You have every right to believe whatever poppycock you want; and you have every right to exercise it; but you also have an equal responsibility to respect the rights of others, including the right of those who stipulate that you shall not harass them with your uninvited and unwelcome harassments and efforts to impose upon them your poppycock. That is the law; and there is no law "higher" than the supreme law of the land, the latter being the Constitution.

In view of the fact that you reject the responsibility correlative to your right to believe and exercise your poppycock, then you are obliged to be civil and courteous to the same end: if another doesn't want to hear it, you are to STFU -- or deal with their "pushback" imposition of their will upon you.

Claiming to be a "Christian" does not exempt you from the civil manners you demand of others.
 

JNagarya:

Since I never claimed it has legal weight or force, or even that the freedom of "religion" intended was that it be Christian. THOSE are therefore strawmen arguments. And, in comparison, I think I've been fairly "civil" up til now.
 

P.S. -- if you really don't understand the concept of "strawmen arguments" (claiming I said something outrageous that I didn't just so you can easily knock that down), let me know. All I was claiming was that the words "the Lord" (referring to Jesus Christ) do exist in the Constitution. You were the one who said, and I quote, "that is nto [SIC] only false but is a blatant lie."

However, since you brought it up, if the 1st Amendment made "the Year of our Lord" irrelevant, why was it used again on the 11th Amendment? And the 12th? Take a look at the Executive Order re: CIA Interrogation in the next thread. Oh no, there's that "Year of our Lord" again -- are you going to deny that "Lord" indeed refers to Jesus Christ -- the horror!!!
 

P.S. -- if you really don't understand the concept of "strawmen arguments" (claiming I said something outrageous that I didn't just so you can easily knock that down), let me know. All I was claiming was that the words "the Lord" (referring to Jesus Christ) do exist in the Constitution. You were the one who said, and I quote, "that is nto [SIC] only false but is a blatant lie."

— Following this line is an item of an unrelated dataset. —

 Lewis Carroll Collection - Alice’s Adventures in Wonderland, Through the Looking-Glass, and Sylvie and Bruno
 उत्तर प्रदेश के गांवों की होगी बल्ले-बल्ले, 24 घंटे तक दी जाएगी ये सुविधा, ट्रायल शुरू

However, since you brought it up, if the 1st Amendment made "the Year of our Lord" irrelevant, why was it used again on the 11th Amendment? And the 12th? Take a look at the Executive Order re: CIA Interrogation in the next thread. Oh no, there's that "Year of our Lord" again -- are you going to deny that "Lord" indeed refers to Jesus Christ -- the horror!!!

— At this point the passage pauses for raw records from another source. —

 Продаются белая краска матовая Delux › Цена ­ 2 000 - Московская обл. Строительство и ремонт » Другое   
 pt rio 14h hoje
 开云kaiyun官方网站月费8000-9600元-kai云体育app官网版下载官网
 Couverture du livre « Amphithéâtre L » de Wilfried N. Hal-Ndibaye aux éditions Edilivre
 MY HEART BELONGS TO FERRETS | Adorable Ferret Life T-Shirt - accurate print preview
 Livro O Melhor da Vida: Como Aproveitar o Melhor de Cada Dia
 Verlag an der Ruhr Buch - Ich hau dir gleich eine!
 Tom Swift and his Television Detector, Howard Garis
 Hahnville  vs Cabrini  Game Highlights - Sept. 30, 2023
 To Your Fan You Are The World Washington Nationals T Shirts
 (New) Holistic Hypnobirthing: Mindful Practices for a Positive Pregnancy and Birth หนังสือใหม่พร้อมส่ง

# posted by Charles : 11:03 AM


For a guy who is claiming that someone is attacking you with a strawman argument, you make an even better case that he isn't doing any such thing.
 

What?! He did indeed claim that the "term of art" (now that he realizes he was wrong about it being included in the Constitution) was made "irrelevant" after the Bill of Rights. I'm simply providing more examples, including modern-day examples. Here's another one:

A Proclamation by the President of the United States of America

As a mark of respect for the memory of Lady Bird Johnson, I hereby order, by the authority vested in me by the Constitution and laws of the United States of America, that on the day of her interment, the flag of the United States shall be flown at half-staff at the White House and upon all public buildings and grounds, at all military posts and naval stations, and on all naval vessels of the Federal Government in the District of Columbia and throughout the United States and its Territories and possessions until sunset on such day. I also direct that the flag shall be flown at half-staff for the same period at all United States embassies, legations, consular offices, and other facilities abroad, including all military facilities and naval vessels and stations.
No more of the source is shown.